Il y a cinquante ans, l’indépendance de l’Algérie était proclamée, après 132 ans de colonisation française. À Paris, les Franco-Algériens célèbrent eux-aussi cette indépendance, même si le traumatisme de la guerre reste présent à leur esprit. Reportage.
À 10 heures, la rue du Faubourg Saint-Denis (dans le 10e arrondissement de Paris) s’anime. Les commerçants ouvrent les uns après les autres les portes de leurs bars, commerces de fruits et légumes, et autres boucheries. « Vous cherchez quoi ? », me lance Nouredine, un gérant de bar de 29 ans. « Je fais un reportage sur le cinquantième anniversaire de l’indépendance de l’Algérie, êtes-vous Algérien ?», je lui réponds. « Oui, allez-y ! ».

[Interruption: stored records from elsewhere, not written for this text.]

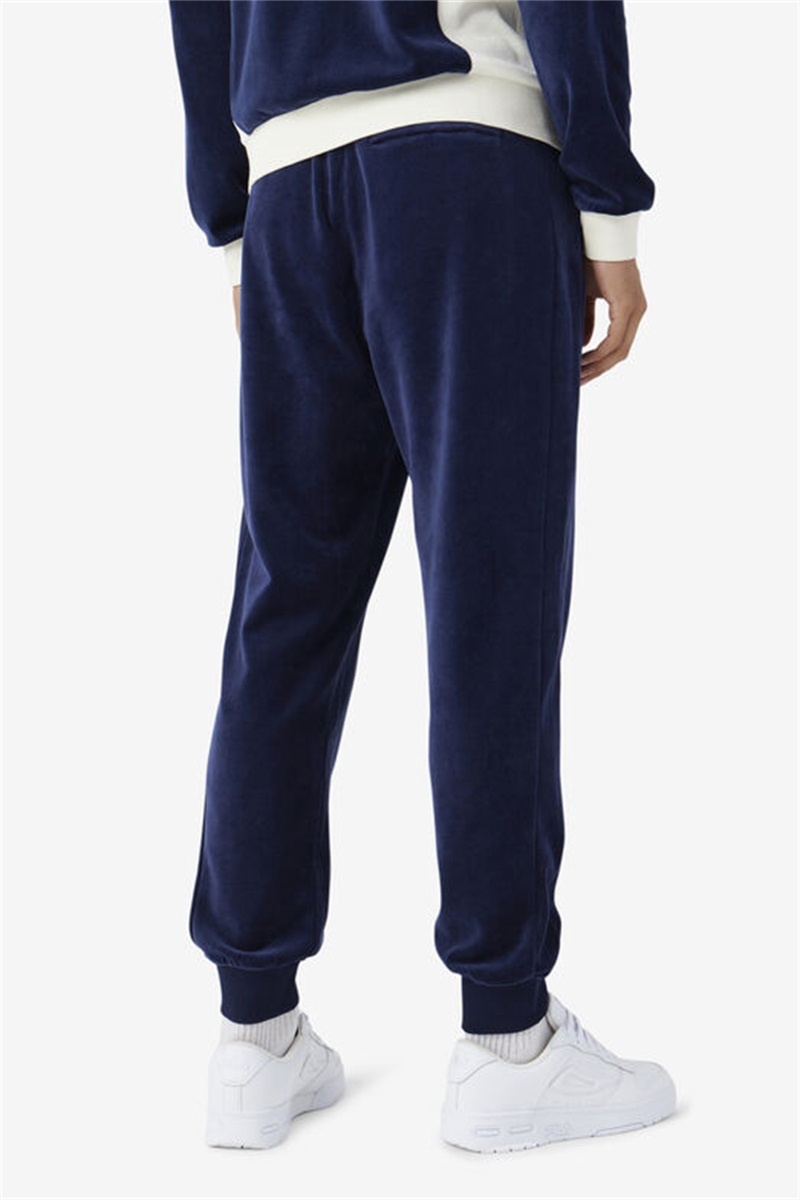 Navy Men's Fila Terence Velour Pants | Saudi Arabia-592314
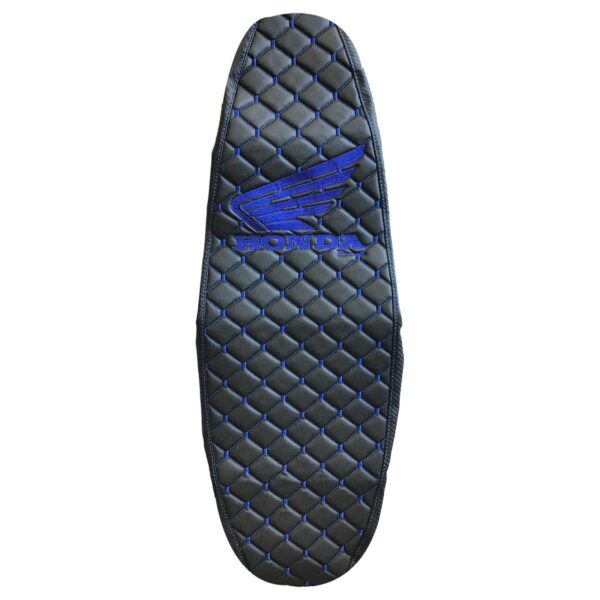 ΚΑΛΥΜΜΑ ΣΕΛΑΣ ΜΑΥΡΟ ΜΠΑΚΛΑΒΩΤΟ ΜΕ ΜΠΛΕ ΡΑΦΗ HONDA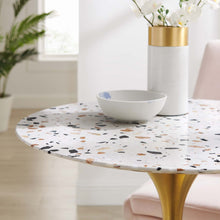 Load image into Gallery viewer, Lippa 28&quot; Round Terrazzo Dining Table by Modway
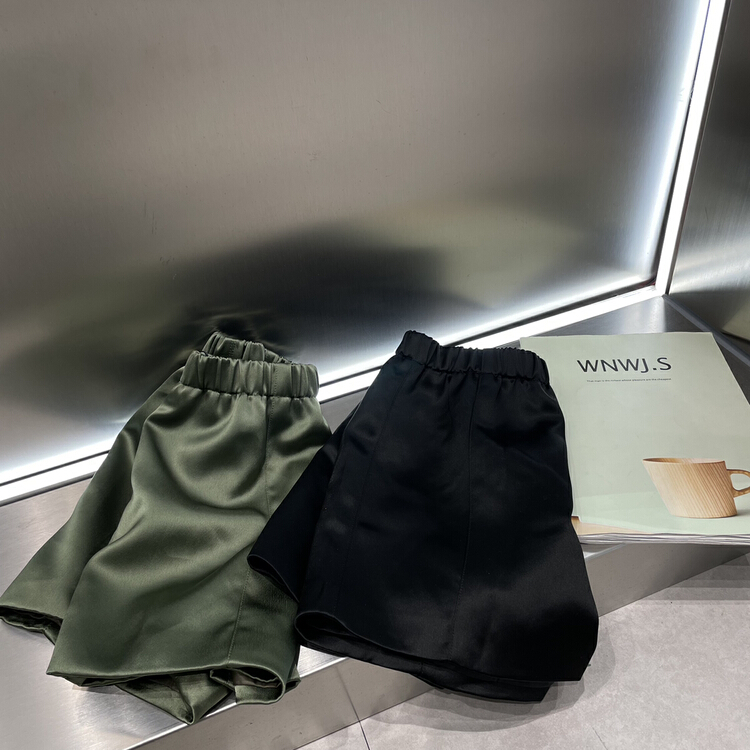 [bobo1972] elastic waist comfortable net color casual shorts 227330\ozq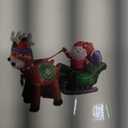 7ft Christmas Inflatables Decorations Santa Claus on the Sleigh, Blow-Up Outdoor LED Yard Display, Waterproof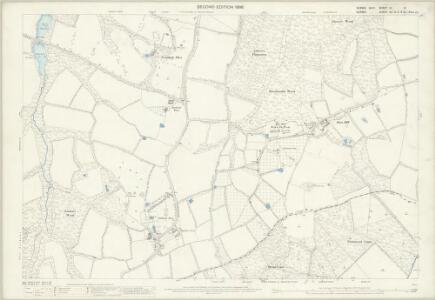 Sussex III.2 (includes: Charlwood; Crawley; Newdigate; Rusper) - 25 Inch Map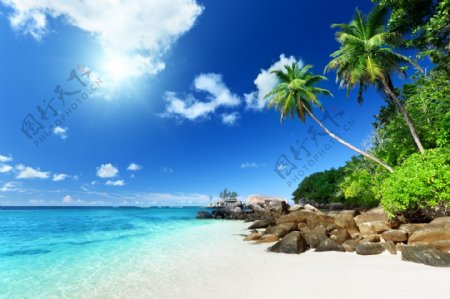 唯美海岛风景图片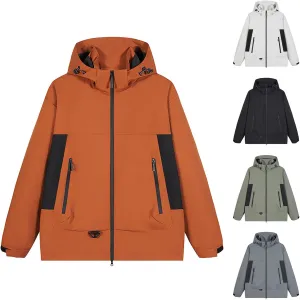 Outdoor Men's Waterproof Raincoat Windbreaker Lightweight Rain Jacket with Hood for Travel Golf Hiking Cycling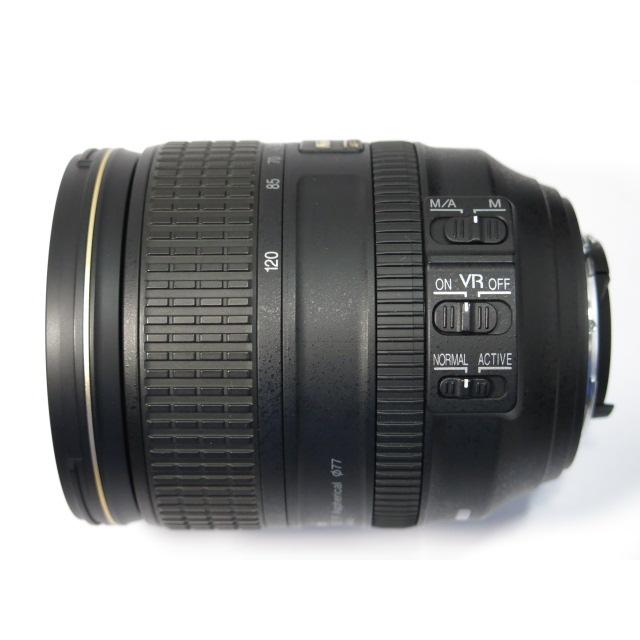 Nikon AF-S 24-120mm F4G ED VR N  純正フード・純正ポーチ・説明書・元箱付 ニコン [管ET548]｜tanaridocamera1｜04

Quel est votre état d’esprit ? « Vive la liberté. On a récupéré notre pays, et ça fait cinquante ans que ça dure. Ça emmerde les Français, mais ce n’est pas notre problème », lâche Nouredine. Et d’ajouter « Oui, c’est bien. Il ne faut pas oublier. J’ai mes cousins qui ont fait la guerre. C’est grâce à eux que l’Algérie est libre aujourd’hui », répond-il à ma question sur le devoir de mémoire.
Dans le magasin de fruits et légumes, de l’autre côté de la rue, on ne partage pas le même enthousiasme. Nouma, vendeur de 27 ans, parle d’une liberté en demi-teinte. « L’Algérie est encore colonisée par la France. On a la même langue, les mêmes modes de vie. La culture algérienne est très influencée par la culture française. Il n’y a pas de grand changement, surtout en ce qui concerne la politique. »
Ashraf, plombier de 29 ans, accuse à son tour le coup. « N’importe quel pays qui retrouve sa liberté c’est bien. Même si on n’était pas nés à l’époque, on se sent concernés. Il n’y a pas pire que la colonisation. Les Français traitaient les gens comme des animaux en Algérie. »
« Les plaies ne sont pas encore cicatrisées »
L’avis de ces Franco-Algériens est relayé par l’Union de la communauté algérienne de Paris (UCAP). « C’est à la fois un jour de fête, parce que c’est le 50e anniversaire, mais également un jour de recueillement car il faut rendre hommage à nos martyrs tombés sous les balles assassines de la France coloniale », déclare Me Maadi Reda, le président de l’association. « Ces histoires doivent amener la France à s’excuser. Comme Chirac l’a fait pour l’Arménie, un pays qui reconnait ses erreurs en sortira grandi. Pourquoi ce proverbe ne s’appliquerait pas à l’Algérie ? » Si le président de l’UCAP ne veut pas entendre parler du devoir de mémoire, il dénonce l’oubli et fustige « l’instrumentalisation coloniale ». Ce qui reviendrait, selon lui, à battre en brèche la discrimination, le racisme et à traiter dignement tous les immigrés qui vivent en France.